Women face a unique set of problems and issues when it comes to retirement. As a result, some planners now focus their business on women. Some, like Payne, have also made improving financial literacy among women a passion.
“A lot of women don’t take the initiative to learn more,” Payne says. “Their husbands take care of everything. It works for that marriage, but what if it goes
sour? Fifty percent of marriages end in divorce.”
According to a new survey by GfK, a consumer marketing research firm, women in the United States are much more uncertain or pessimistic about their retirement finances, with 60 percent saying they are unsure or not confident, compared with 41 percent of U.S. men.
“Women do face a number of challenges ahead of retirement due to a lot of factors: longer life expectancies, lower average wages, less financial confidence. And they bear a large share of caregiving for both aging parents and children,” says Cathy McCabe, senior managing director of TIAA-CREF’s Field Consulting Group. The challenges facing women:
Longevity. “They are very aware that they live longer than men,” says Kathleen Hastings, portfolio manager at FBB Partners in Bethesda. “Longevity in the U.S. is at an all-time high. They know they have to plan, because they know they might run out of money.”
“Of the people 65 and older, 76 percent of men are married and 46 percent of the women are married,” Payne says. “So many more females over 65 are living independently. They have a longer life span to stretch those dollars.”
Often because of parental or caregiver responsibilities, women are more likely to work in part-time jobs that don’t qualify for a retirement plan. The 14th Annual Transamerica Retirement Survey found that 45 percent of women work part time, compared with 24 percent of men. The result? A lower wage base and less access to key employee benefits, such as health care and retirement plans. It also means that they have less money going into Social Security and, as a result, lower benefits.

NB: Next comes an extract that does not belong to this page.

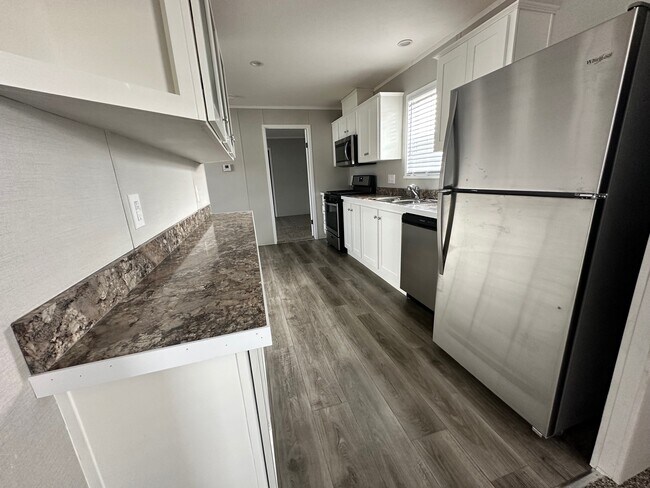 Building Photo - 555 Delaware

“They are behind going out of the gate,” Payne says.
Working women are more likely than men to interrupt their careers to take care of family members. “Women spend, on average, about 11 years out of the workforce to care for children or elderly parents,” McCabe says. During that time, they are not receiving income, not receiving employer benefits and not saving. They are missing out on all the benefits.”
Women tend to be conservative investors. Payne says there is a tendency to invest in money market accounts and bank CDs, even as interest rates are especially low these days. “That’s not always a good thing when you have your savings in cash or cash equivalents,” she says. “You are also losing the power of compound growth over the years.”

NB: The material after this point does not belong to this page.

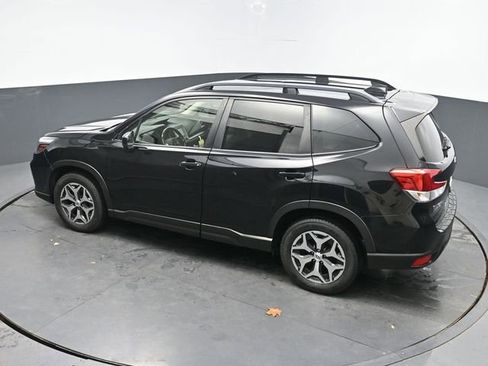 Used 2019 Subaru Forester Premium image 29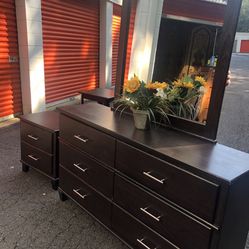 Modern Cort Set Long Dresser, Big Drawers, Big Mirror And Nightstand . Drawers Sliding Smoothly Great Conditipn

Deborah Owens, a financial expert, says that “what you think is that eventually you will be married, there will be a retirement plan and pension.”
“The fact is, 9 of 10 women will be solely responsible for their finances. They will either never marry, marry and divorce or separate, or will be widowed. It’s critical that women know they have to take control of their financial future. The onus is on them to save for retirement,” says Owens, author of “A Purse of Your Own: An Easy Guide to Financial Security.”
Women need to contribute to an IRA if they don’t have a retirement plan at work, she says. “One of the barriers is they think they can’t afford it,” Owens says. “I say, do something, even if it’s $100 a month. The goal is to create a habit. As earnings increase, you can increase those contributions as well.”
And there’s yet another problem: Women may find finances intimidating, Hastings says.
“You wouldn’t think so, because a lot of women run the family budget. But when it comes to investments and family planning, they take a back seat to their husband [or] significant other,” she says. “I see it when we have meetings. I try to encourage women. But often it’s the man who comes. Even buying insurance — women aren’t involved in that as much as they should. I don’t understand that.”
Women are more confident about retirement when they get advice, McCabe says. And she says women should read more about finances and investments. “Women are good at visualizing things,” she says. “We know what we want in retirement, but connecting the dots in between is more difficult for women — how to get from where you are to that retirement vision.”
Don’t wait, McCabe says: “Get the help. The longer we wait, the less time we have to save dollars for retirement.”